Take a step back in time. It’s about 1983, and I have strong memories of fossicking for Thunder Eggs somewhere in mid southern Queensland. This memory has been plaguing me for some weeks, because I thought it’s somewhere the boys would love to visit. My only frustration is, I can’t remember the name of the place, or the location and unfortunately, Queensland is rather large. Inevitably, it’s Kris with all her Wikicamps wisdom to the rescue with a nonchalant, ‘Oh, we should go to Mt Hay so the boys can fossick for thunder eggs’ – ‘That’s it’ I cry! And the puzzle is over. It’s 277 km from our last camp at Carmila, which gives us ample time for shopping in Rockhampton on the way.

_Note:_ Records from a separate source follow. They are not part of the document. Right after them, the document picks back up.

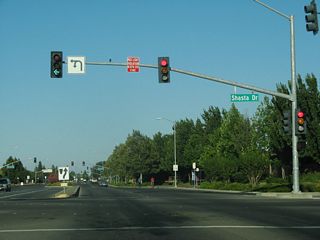 Development got underway along the north side of Covell Boulevard leading east to the traffic light with Shasta Drive in 2024. Sutter Davis Hospital is to the northeast of Rising Court.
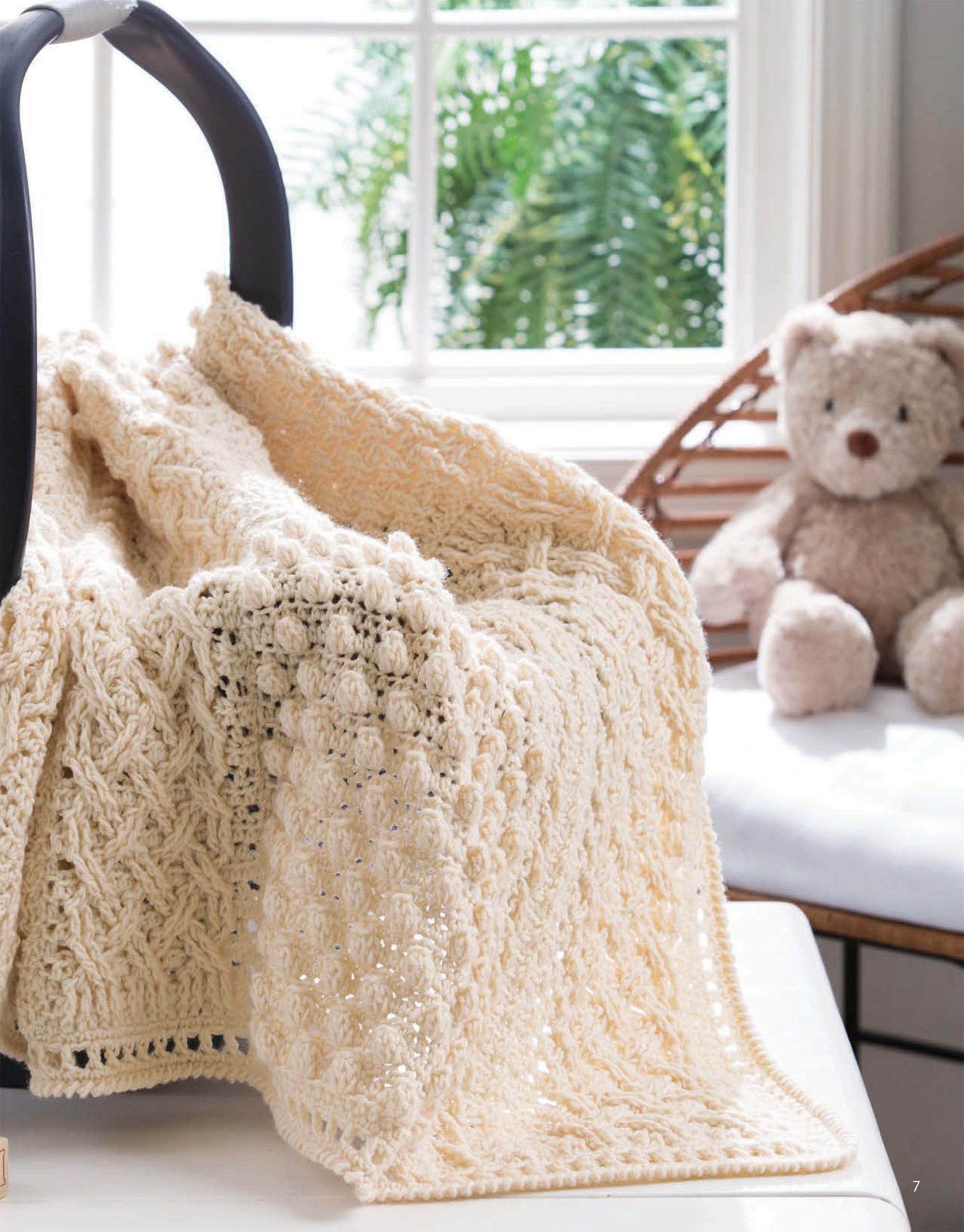 A cream-colored baby car seat blanket from Leisure Arts' "On the Go Baby Blankets" digital download drapes over the handle, with a plush teddy bear on a bench by a window overlooking lush green foliage.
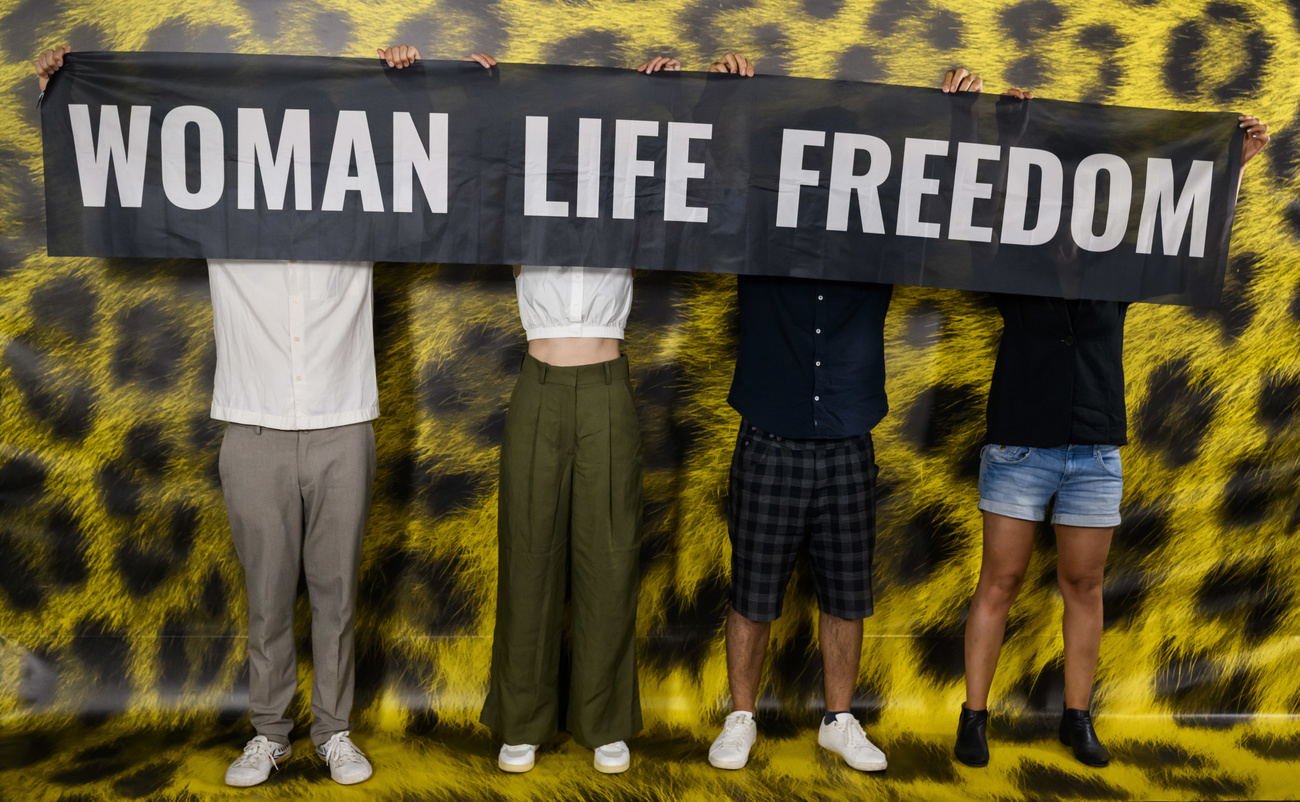 Cuatro personas en el photocall del Festival con una pancarta que pone Woman Life Freedom
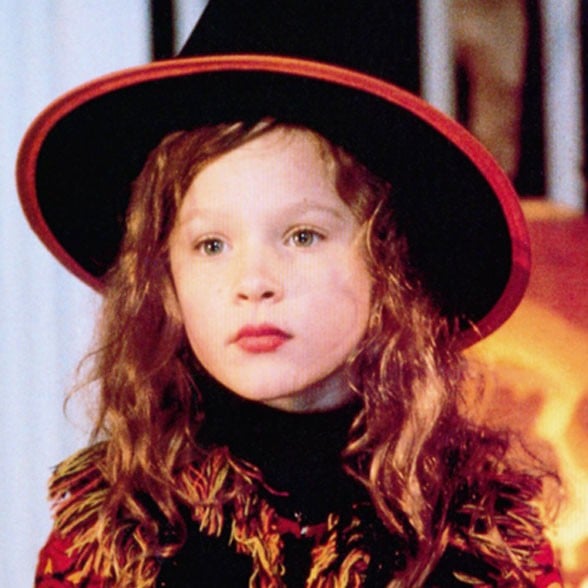 Dani is dressed as a witch for Halloween. She has long wavy brown hair, green sparkling eyes and a black hat with a red trim on her head.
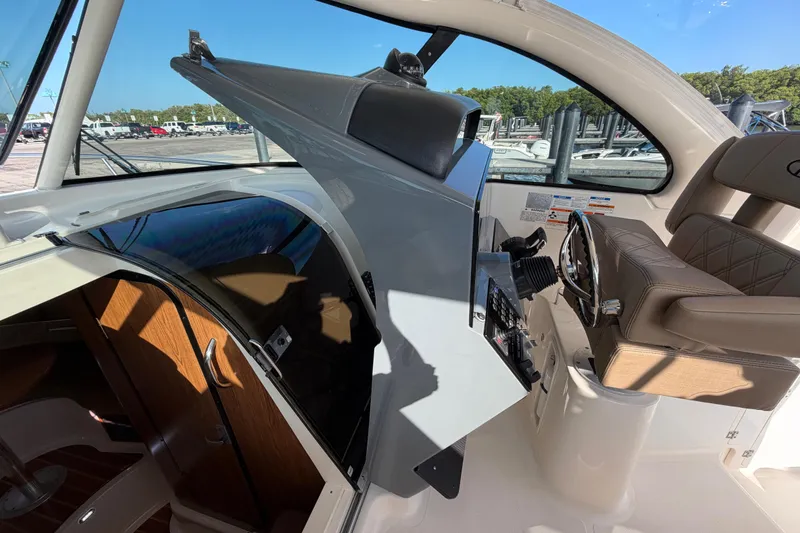 Slide: The Image of 2009 Pursuit OS 315 Offshore boat interior with helm station and cabin entrance. - 39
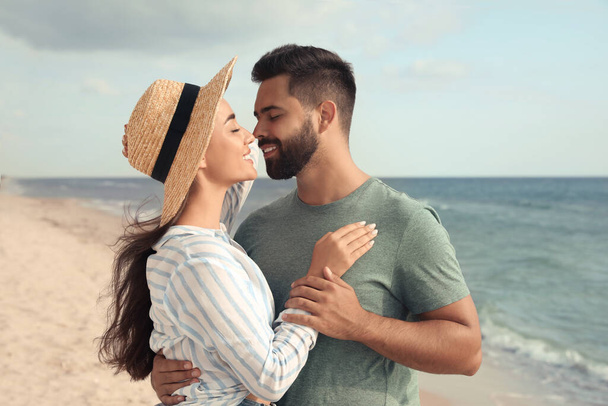 Lovely couple spending time together on beach - Фото, зображення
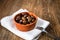 Greek Kalamata black red olives in a clay bowl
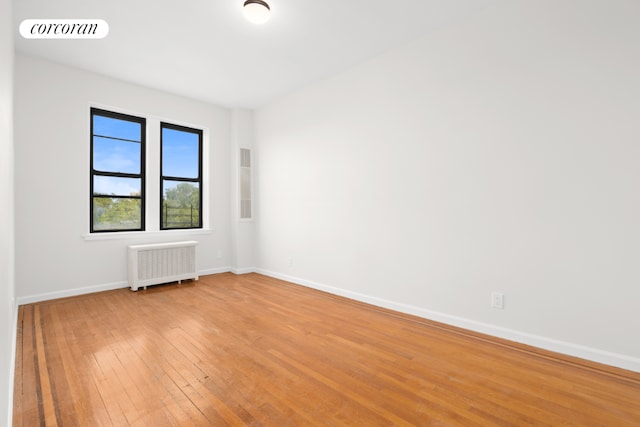 spare room with radiator heating unit and wood-type flooring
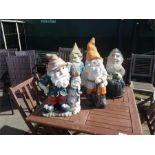 Four large garden gnomes.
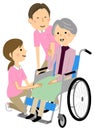 Elderly people in wheelchairs and long-term care staff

The road to Rocky is humorously punctuated with signs at various intervals such as ‘Only 3 Hours to Rocky Kids’, or ‘Stay Alive and Play Trivia’, then… ‘What’s the highest Mountain in Queensland?’ If you don’t crash, you get to find out the answer in a few more kilometers (it’s Mt Bartle Frere doncha know – I didn’t).
We arrived at Mt Hay late in the afternoon, and of course the boys would not let me rest because they just HAD to start fossicking right away. The owner, Don, has been here since the age of six, and still has obvious enthusiasm for his thunder eggs and for gem stones in general. He even remembered the bloke called Dallas that showed me around as a boy; ‘yeah, I remember Dallas, tall, blond hair, funny bloke’. Thunder eggs formed here about 120 million years ago when gas bubbles were present in the molten rhyolite lava. The gas pockets filled with siliceous liquids containing trace impurities which slowly cooled to form thunder eggs, voilà! Don now uses a front end loader to dump dirt containing the eggs from the old volcano onto the ground near the camp site. This makes it all ‘safe’, but curiously it seems to mean that only small thunder eggs are left for the tourists. The larger commercially saleable tennis ball sized ones seem to fall out of the scoop before they get to the fossicking pad. Oh well, the boys and I had a great time, and Don cut more than our fair share of eggs.
The boys were quite happy when two school groups turned up on excursions for the afternoon. Sam and James with their previous afternoon and mornings “experience” were now deemed experts and spent the afternoon helping Don answer the never ending chorus of “Is this a thunder egg?”. Apparently they lightened his load as he rewarded them both with a treat on the house – anything they wanted from the ice cream cabinet or the drinks fridge. Doesn’t get much better than that!